虜にさせてみて?

優子さんとお別れして、次の行先は水族館。

笑顔で『響の事をよろしくね』と言われ、背中を叩かれた私。

側に居ていいものなのかと考えた日々もあったけれど、やはり響を手放したくない。

不器用だけれども優しくて芯のある、人間が出来てる22歳はなかなか居ないよね。

おまけに顔もスタイルも良いだなんて。

一生に一度、あるかないかの神様からの贈り物かもしれない。

「キャーッ! 見て見て、ペンギン、可愛いっ!
アッチのは泳いでるっ」

「……ペンギンだもん、泳ぐだろうよ」

「都会の真ん中に、しかもビルの中に水族館なんて、凄いよねっ」

「その田舎者発言やめろっ」

ペンギンも可愛くて大好きなクマノミも間近で見て、子供のようにはしゃぐ私に呆れる響。

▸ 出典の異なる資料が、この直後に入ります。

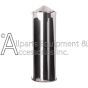 22107 combustion chamber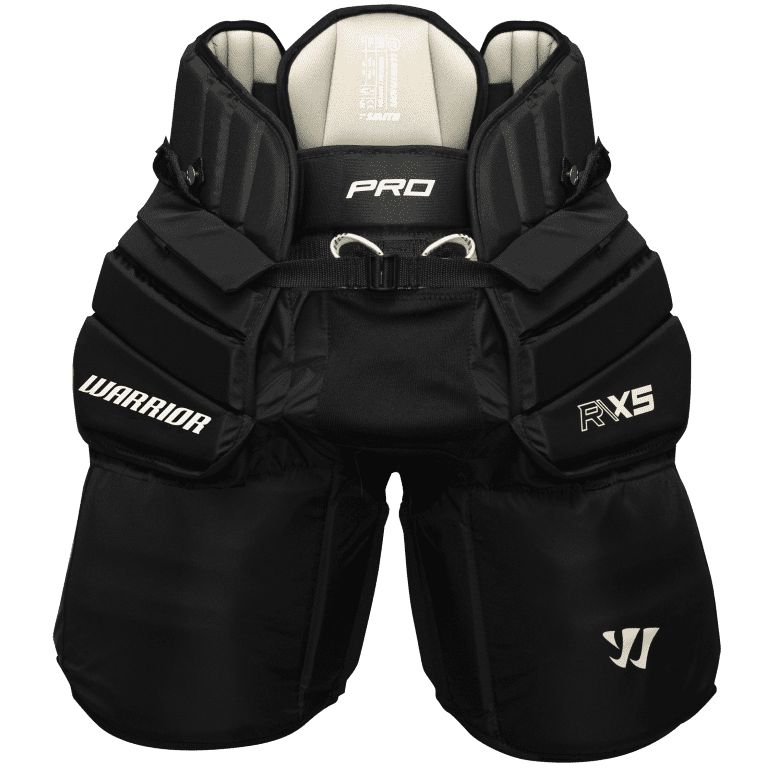 TW-Hose Warrior Ritual X5 PRO INT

水族館なんて子供の時以来だったし、初めて彼氏と来たので興奮が鳴り止まない。

水族館を出た後は街を散策。

昼夜関係なく人の通りが多い街の中、心が安らげる公園で一休み。

「うぅ、足が痛い……」

「慣れない靴で歩くからだろっ」

私は靴づれをしてしまい、公園のベンチに座って足に絆創膏を貼る。絆創膏をバッグに忍ばせておいて良かった。

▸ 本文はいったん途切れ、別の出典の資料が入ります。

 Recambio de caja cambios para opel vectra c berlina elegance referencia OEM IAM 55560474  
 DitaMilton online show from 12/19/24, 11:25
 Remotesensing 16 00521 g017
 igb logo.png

響に少しでも可愛く見られたかったのに、逆に迷惑をかけている新しい靴。

東京はどこに移動するにもしても、歩く事の方が多い。

響は東京育ちかもしれないが、私ははどちらかといえば田舎育ちだ。

田舎の移動は電車よりも車の方が主だし、仕事でも歩いているけれど、それ以上に歩いている気がする。

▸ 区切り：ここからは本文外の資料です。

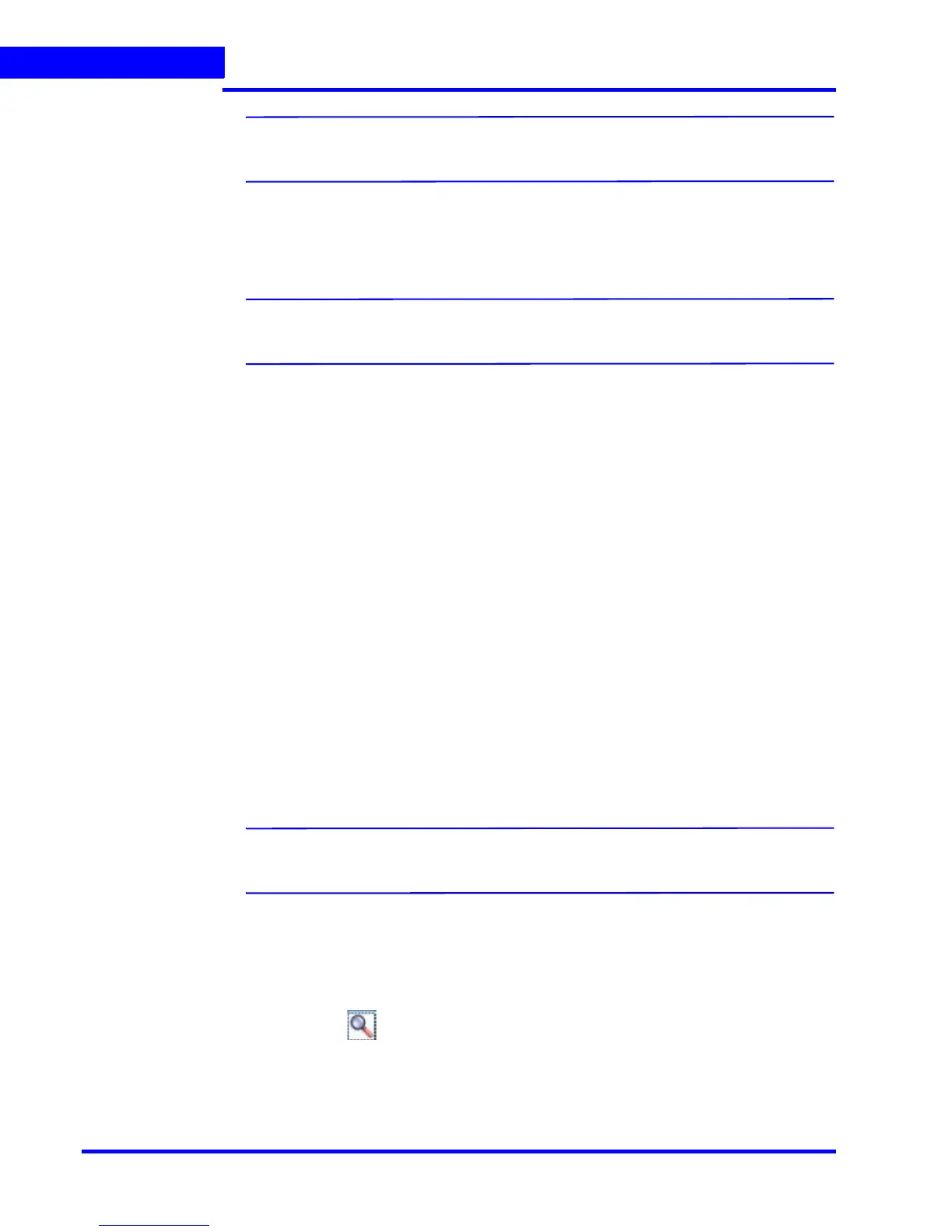 Page #92 background image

「疲れただろ? 3時過ぎたし、チェックインして少し休むか?」

「やだっ! 時間が勿体ないもんっ!」

「明日もあるのに、それともどこか行きたい所があるわけ?」

行きたい所。あるよ、取って置きの場所がっ!

「百合子さんとマスターのバーに行きたい。百合子さん達にも会いたいし、響がどんなバーで働いてたのかも知りたい」

「俺は絶対に嫌。また今度にして。今日はあの人のお陰で疲れたし、他人に関わりたくない」

「私も他人だよ?」

『他人に関わりたくない』と言うけれど、私もれっきとした他人。一緒に居て気疲れしちゃうかな?